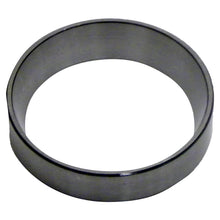 Load image into Gallery viewer, Differential-Carrier-Bearing-Cup-For-Multiple-1976-12-JeepDodgeChrysler-Models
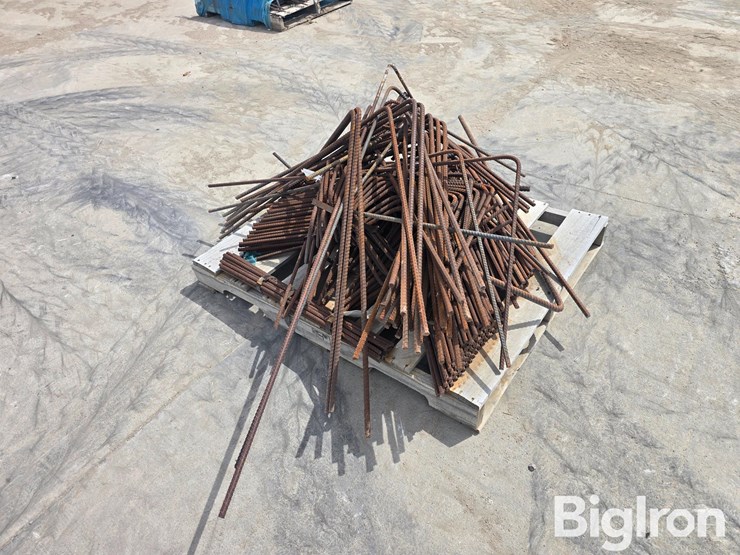 pre-bent-rebar-image-5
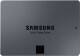 Samsung   SSD 860 QVO Series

TRY IT:
Repeat the listing above exactly, omitting the pictures it contains.

ANSWER BOX:
 Load image into Gallery viewer, Differential-Carrier-Bearing-Cup-For-Multiple-1976-12-JeepDodgeChrysler-Models
 pre-bent-rebar-image-5
 Samsung   SSD 860 QVO Series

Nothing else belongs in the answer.